Старая дверь, два или три окошка, вот и весь кабак. Ни тебе: сияющих витражей с заманчивыми полукружьями букв: «Гамбринус», «Будвайзер», тяжелых столов и стульев, стен обшитых пусть не дубом, но чем-то душевным как дуб, ни вековых кирпичных сводов и уютного света.
Первый этаж дома, просто открываешь дверь, делаешь ровно полтора шага через тамбур и, вдруг резко справа торчит вертикальный кран и перпендикулярно ему невъебенные усы самого маэстро вичепного. Кран медный и хозяин усов охуеть какой медный. Да прямо сказать – пропитой, но все чинно: белая рубашка, рукавчики подсучены на волосатых ручищах, фартук, философский взгляд.
Да, и кстати задорно хуярит гармошка или аккордеон, я не разбираюсь. Дым стоял коромыслом. Веселились в однокомнатной квартире, а на большее заведение не тянуло, человек пять в предбаннике и вежливо их не слушало еще четверо в зальчике. Потягивали пиво о чем-то своем.
Я слегка растерялся от близости народной музыки и неожиданно торчащего крана. Достал медь, – вроде пятнадцать крон и усы отпустили мне порцию. Мелочь он брякнул на мятый алюминиевый поднос, я ля СССР.
Я прошел мимо веселых, колоритных панов оценивая цвет напитка и косясь на них. Поддатенькие, они весьма дружелюбно мне кивали, как своему. Толстяк с запущенной гривой, подмигнул поверх бронебойных стекол очков и еще веселее надавил педальки баяна, словно приглашая присоединиться. Погожу…
Сел, счастливо выдохнул и глотнул…глотнул… Перестали гудеть натруженные ноги туриста, жажда уползла побитой сукой, в глотке зацвел хмель и журчала родниковая влага! Не спиздили знатоки, не сойти мне с места. Чистейший праздрой, высочайшего какчества. И это удивило в такой забегаловке.
Махом опростал кружку и только поднялся до колонки, как в зальчик вошла мадам. От официантки был только кукольный передник. Это была, что называется стареющая красавица лет под писят, в черном бархатном платье едва прикрывающем жопу, на шпильках, с взбитой гривой русых волос, голубыми славянскими глазами и правильными чертами подержанного жизнью лица.
Возьми бутылку «Паражечки», приложись, взгляни на этикетку с бабой. Вот теперь накинь ей тридцатник, пару обортов, два развода, работу вблизи источника смертельной опасности для женщин и получишь мадам. Она несколько развязно подошла и взглянула на меня. «Едну», говорю. Принесла, положила спички. Все с ленцой.
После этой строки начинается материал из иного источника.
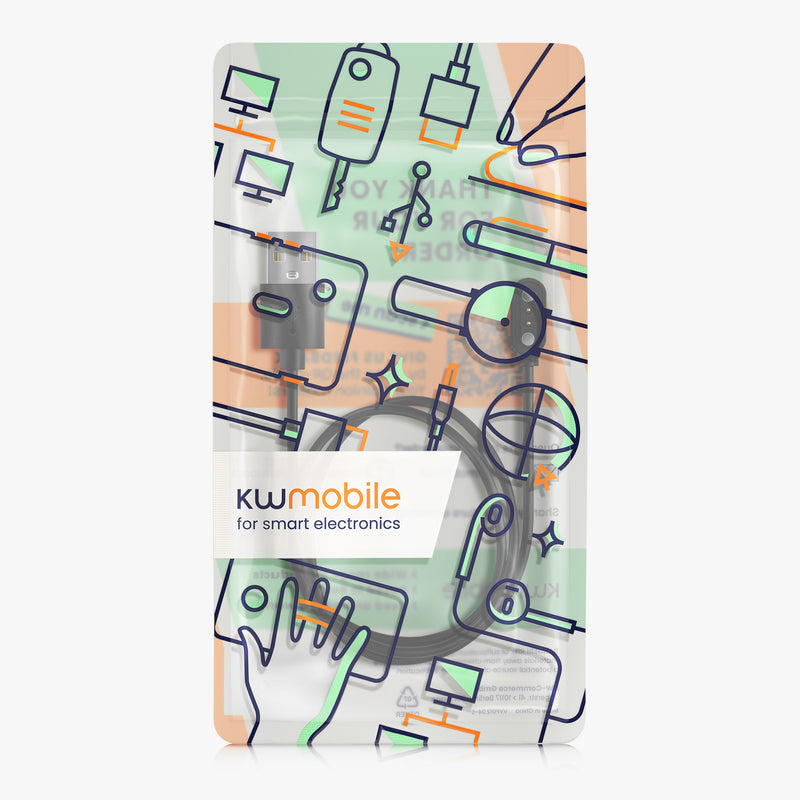 kwmobile USB Kabel Charger kompatibel mit Ticwatch GTH / Oppo Watch Free Ladekabel Smart Watch Ersatzkabel Fitnesstracker Aufladekabel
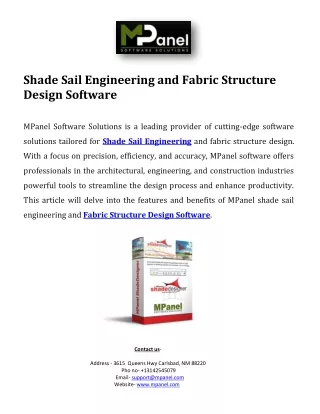 Shade Sail Engineering and Fabric Structure Design Software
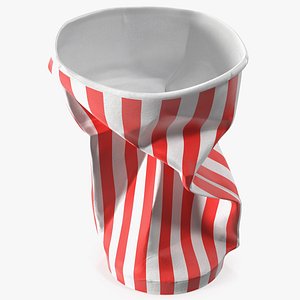 Crumpled Drink Cup Striped 3D model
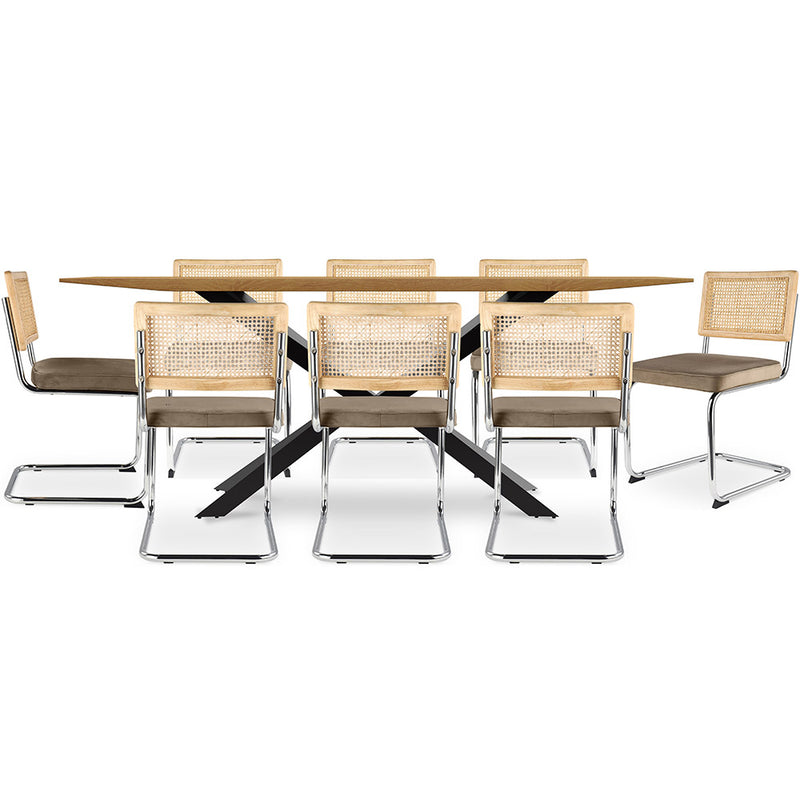 Pack Table à manger design en bois (220cm) & 8 chaises de salle à manger en rotin - tapisserie en velours - Martha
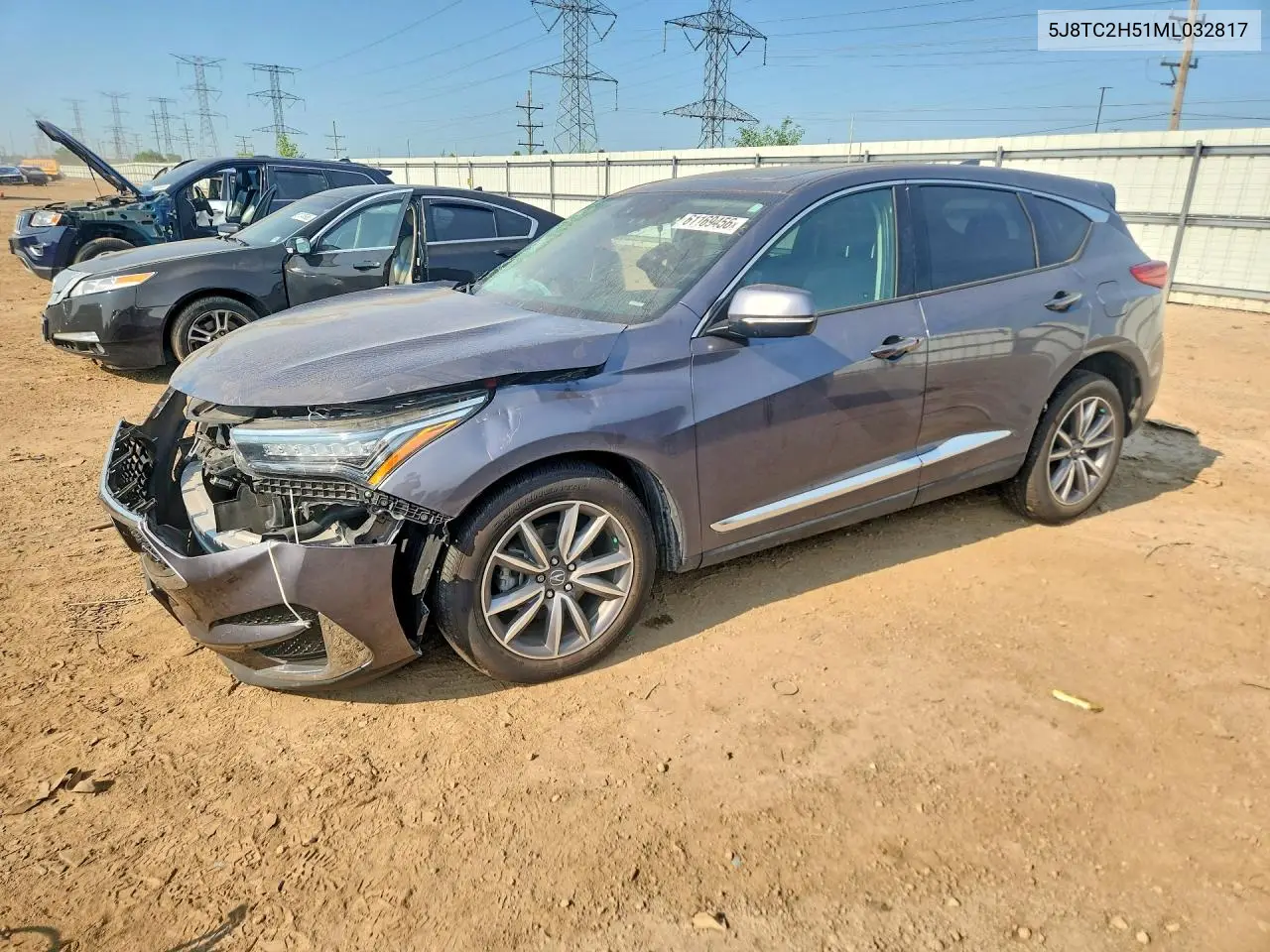 2021 Acura Rdx Technology VIN: 5J8TC2H51ML032817 Lot: 61169456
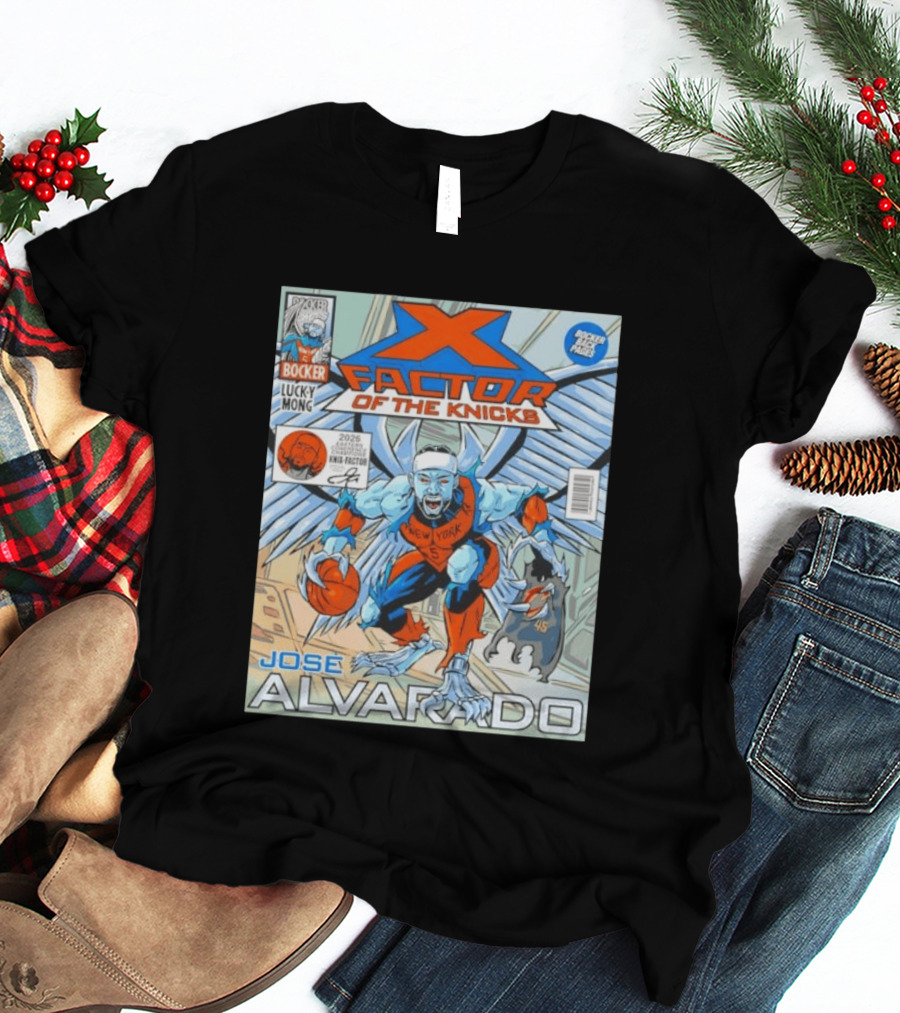 Knicks Jose Alvarado X Factor Comic Style New York Basketball Player T-Shirt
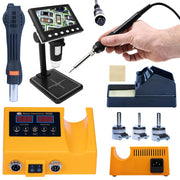 Mikroscopio Digitale con Display 4,3" + Stazione Saldante 2in1 – Ingrandimento 40X-1000X, 8 LED, Potenza 660W, USB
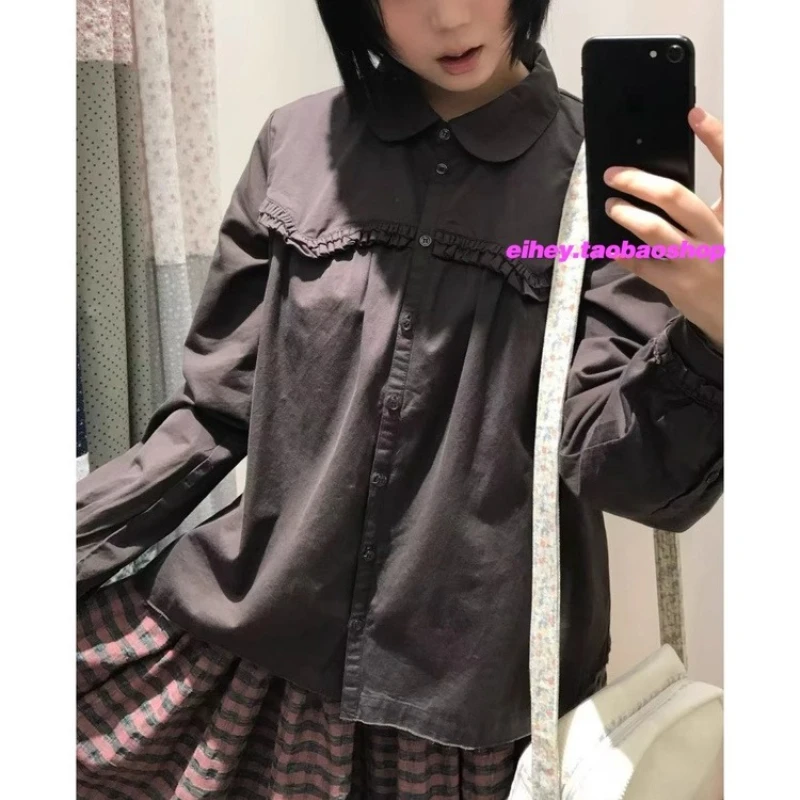 Japanese Pleated Loose Casual Long-sleeved Shirt Women 2025 Autumn New Polo Collar Single-breasted Solid Color All-match Tops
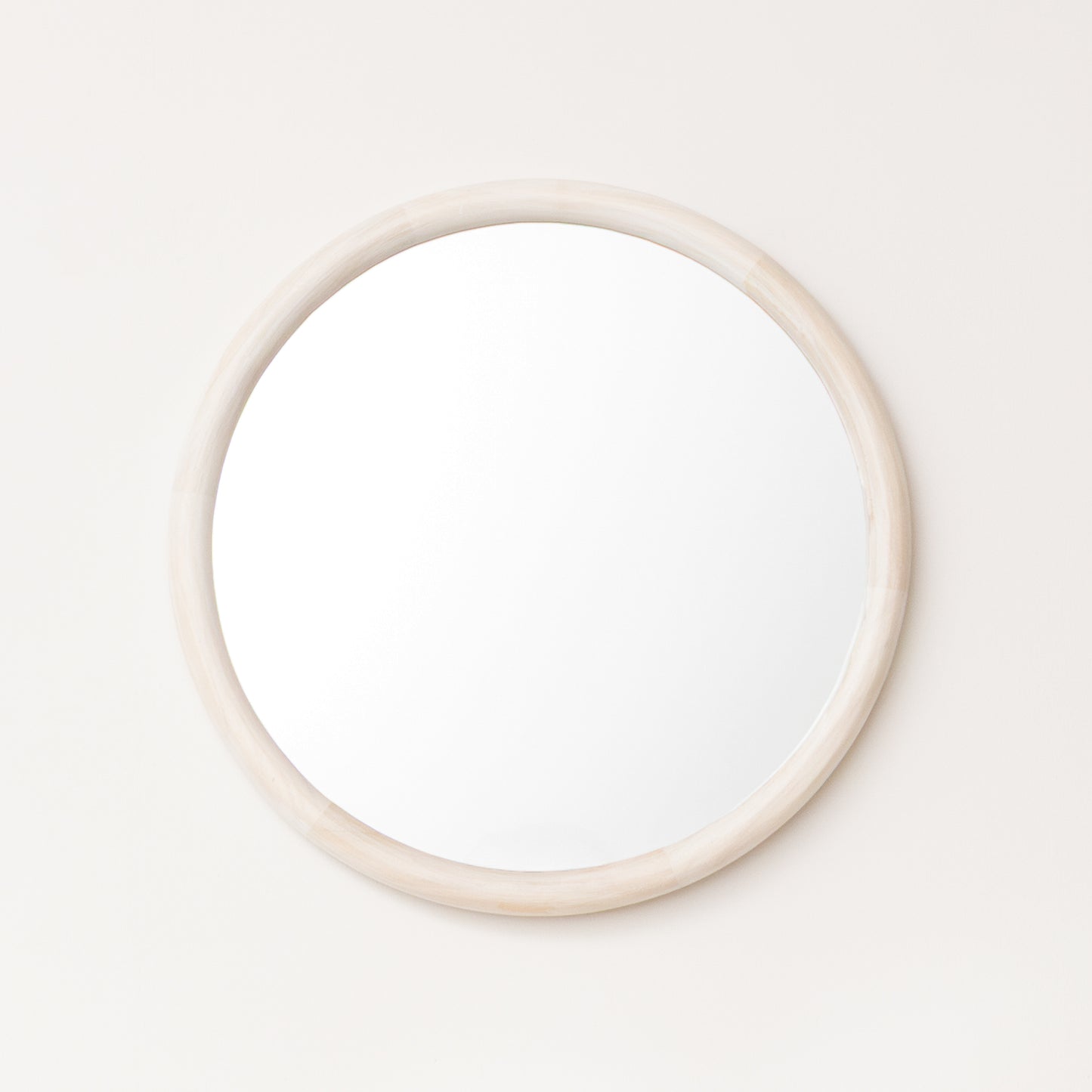 White Washed Wooden Round Wall Mirror - 50cm x 50cm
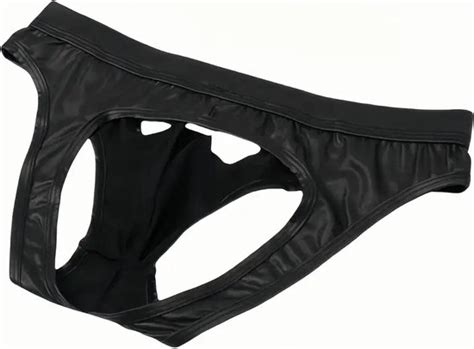 Boxer Slip Heren Latex Open Butt Leder Sexy Erotisch Homo Zwart Lingerie Mannen Bol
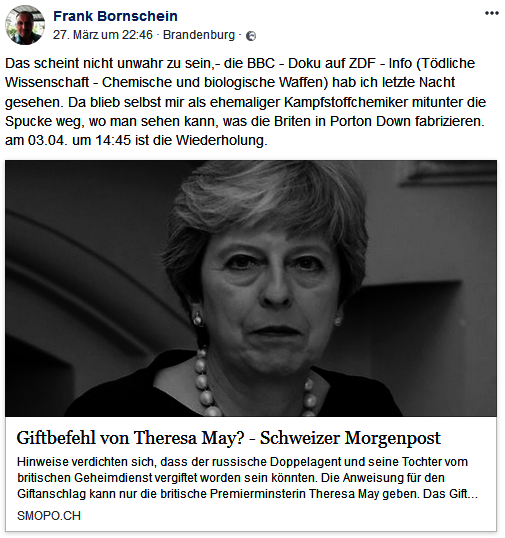 Frank Bornschein macht die wahre Schuldige aus: Theresa May! Quelle: Facebook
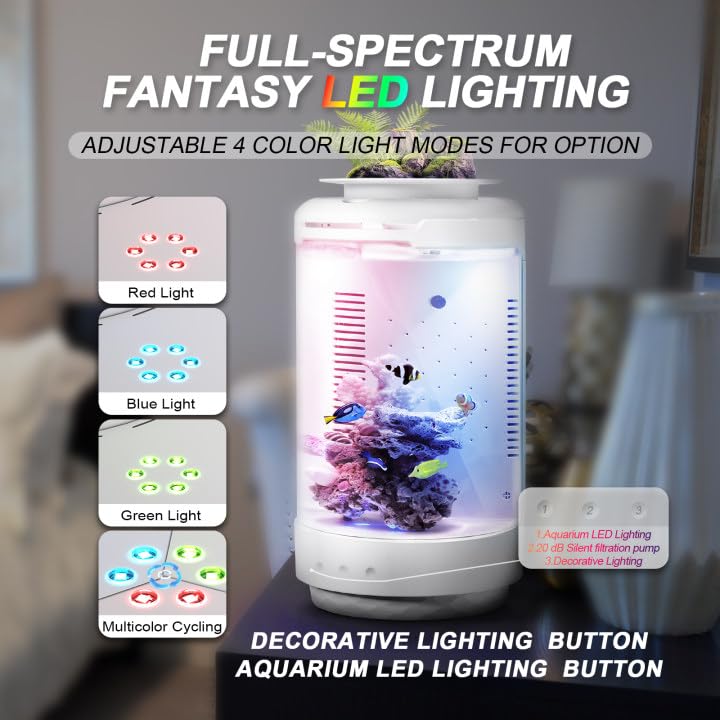 FZONE 1.2Gal Small Fish Tank with Plant Pot, All-in-one Desktop Aquarium Kit with Adjustable 4 Color Light Modes,20dB Filtration Pump,Detachable Backdrop,Invisible Touch Switch, Office & Home Decor - Image 4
А веселье в предбаннике набирало ход. Слесаря, трубочисты, терзали гармонь и галдели все громче, но весело и добродушно. Я решил отлить и заодно взглянуть на потомков Швейка. Паны сидели на лавке в обнимку и раскачивались в такт музыке. Стол уставлен кружками и рюмками с Бехеровкой, по цвету ее узнал. Кстати, запивать ее пивом считается там почетно.
Усы не забывал себя и раскачивал за краном кружкой. Мадам курила наравне со всеми и еще садила вино из высокого бокала и галдела как сорока. Кстати, следующие кружки она мне приносила не выпуская бокала из рук. Мило, да? Короче веселье у них было не ебаться. Дружные ребята, ага.
Из туалета вырулил пан, теплый и добрый как свежая горбушка с тающим маслом. Он прилип к стене и распластал по ней руки, давая мне проход и улыбался как родному и крякал: «Пан, пан…» Дружелюбные люди. Думаю, до мордобоя у них ни разу не дошло.
А может дело в пиве? Да, бля! Я практически уверен, в нем. Праздрой там охуенный, умиротворяющий, – миссиям ООН следует взять его на вооружение.